09 September 2005

Chile, Day 2

Well, we started with breakfast, as any sensible traveler does. We discovered that the coffee in Chile is not nearly as strong as the coffee in Brasil, so we had to live with weak coffee all week. We also found the wonderful delicacy of pan chileno (Chilean bread) that melts in your mouth. I could have eaten it for every meal!
We took a city tour around Santiago. We drove by several historic landmarks, and I understood little of our guide’s “Portanhol” (that would be Portuguese mixed with Spanish). We went into a coffee bar (around Santiago some of them are called “café con pernas” which means “coffee with legs”) and were a little shocked at what we found inside. It definitely was not a place for ladies -- there wasn’t even a women’s bathroom! There was one man in our tour group who insisted on talking politics with our guide. We got to see the Chilean army marching in a park, and the man made some very obnoxious comments about how the army was a job for people who couldn’t find any other job. That was just the beginning, but our tour guide finally gave him what for with a 5-point speech. The rest of our group was eternally grateful.
At the end of the tour, they dropped us off at the mall, where Amy and I got some great shopping done. I was very surprised at the number of American (and worldwide) brand names that were in stores. We had walked around the mall for a good while and lo and behold, there was a Starbucks! We don’t have Starbucks here in Brasil, and so it was a great taste of home for us.
After we left the mall, we took a metrobus to the metro station. It was amazing that we could get on a bus (we weren’t really sure where it was going but it said metro on it), get to the metro station safely, and get on the metro and get home, all without worrying about where we were or whether our purses would get stolen.

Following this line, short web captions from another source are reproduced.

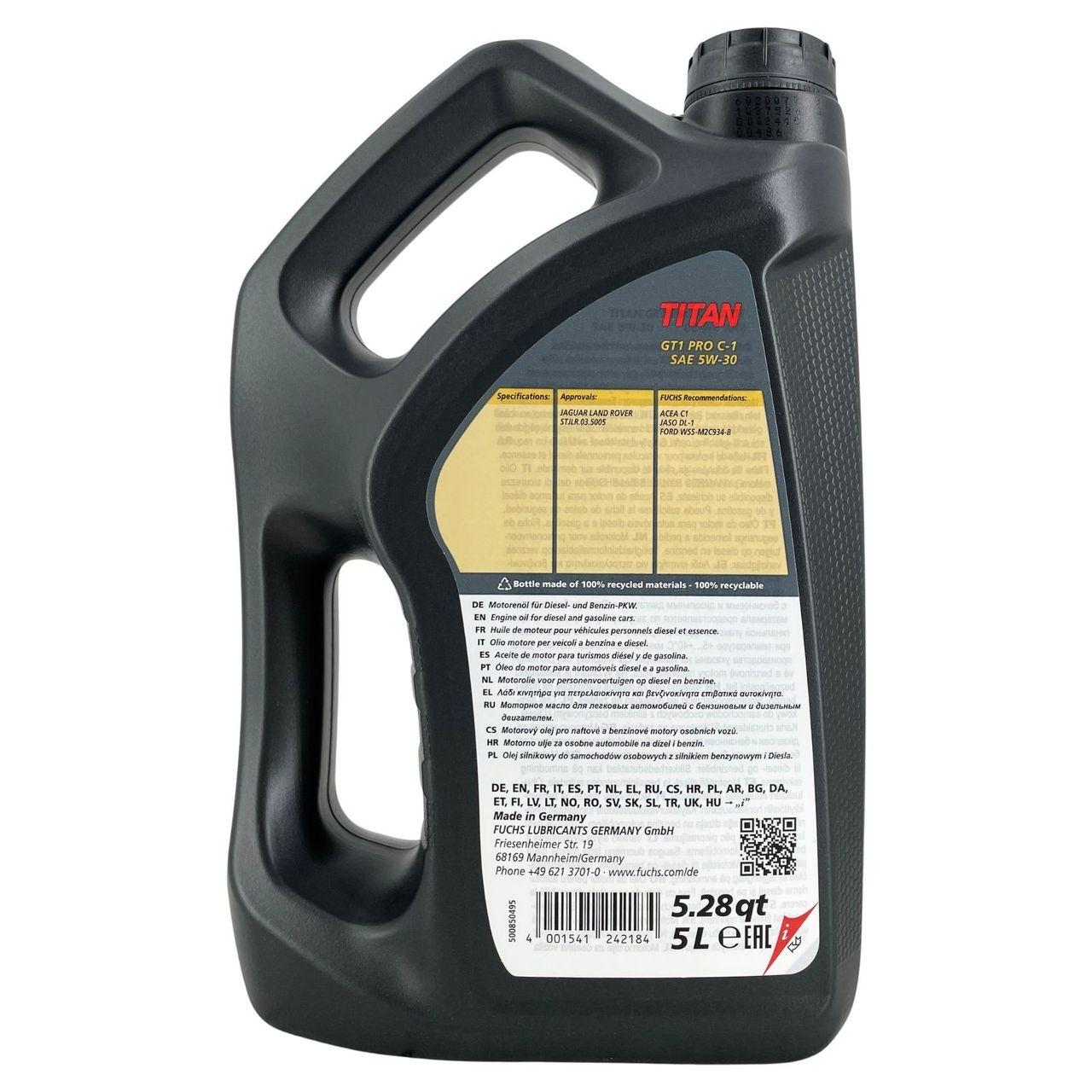 Fuchs Titan GT1 Pro C-1 5W-30 5 Liter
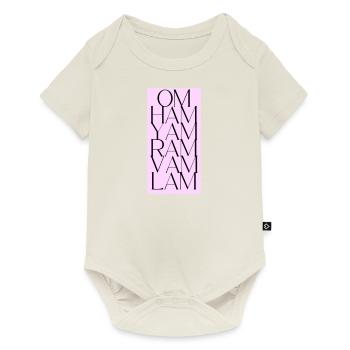 bija mantra chakras - Body à manches courtes Premium Bébé - blanc cassé - Devant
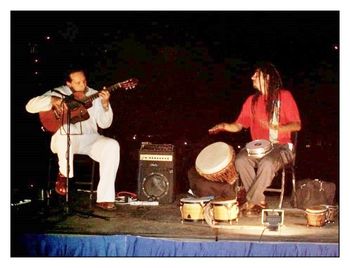 ARMANDO ABREU AND OSKAR CHRISTIAN IN MAYAN PALACE 2007
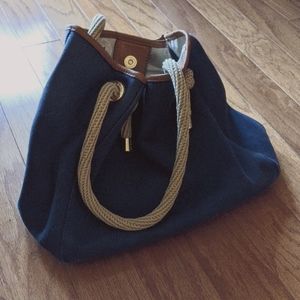 Navy Michael Kors purse
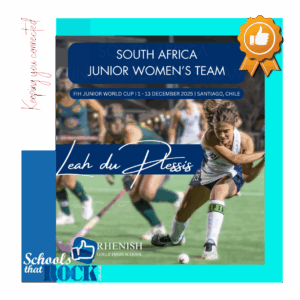 SA Junior Women’s Hockey – Rhenish Girls’ High School delighted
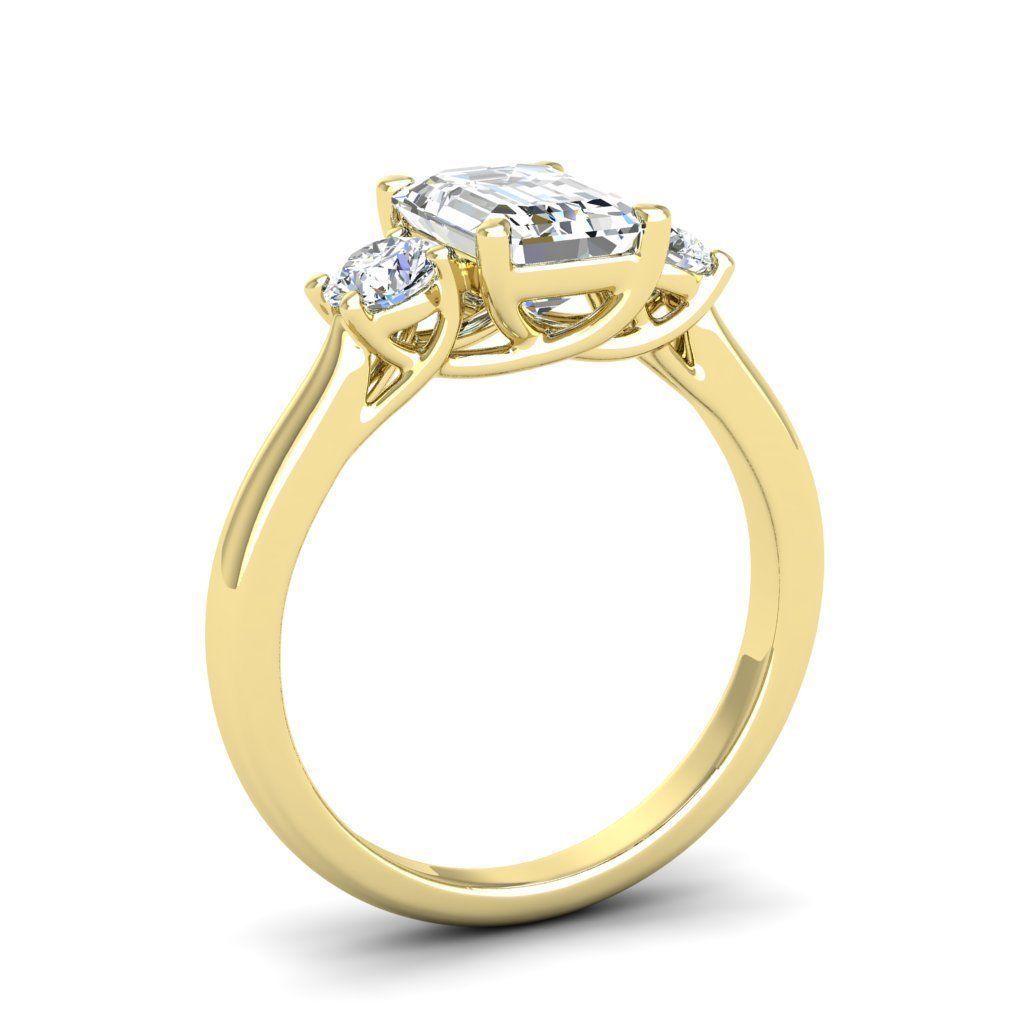 Engagement ring Kelly emerald 3D print model_18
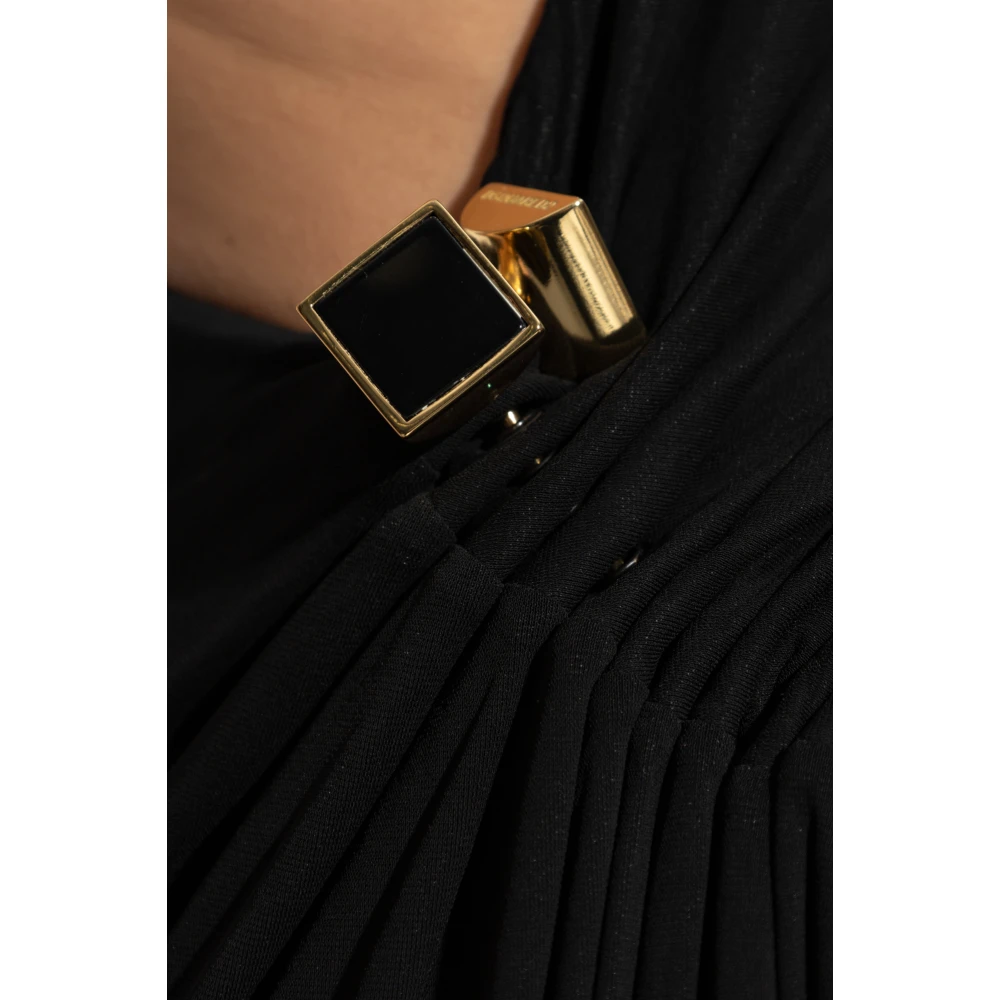 Dsquared2 Gedrapeerde jurk Black Dames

For dinner, we went to a fun little restaurant called “Aqui Esta Coco.” It’s apparently really popular and we should have made reservations. We showed up at 8pm (Chileans eat late) and they had a table left in the wine cellar. Apparently that’s where they put the tourists. We didn’t mind, though. I had a wonderful dinner -- a swordfish steak marinated in black butter with capers. Mmmmm! When we were finishing our meals, the man at the next table asked if he and his friend could come to sit with us (because they were in the corner and it was apparently cold and drafty). The man was from Belgium, and his friend was Russian-Italian and lived in Buenos Aires, Argentina. We didn’t mind a bit, and we stayed and talked with them while they ate. We got into some very interesting discussions and thoroughly enjoyed exchanging ideas with people from other parts of the world.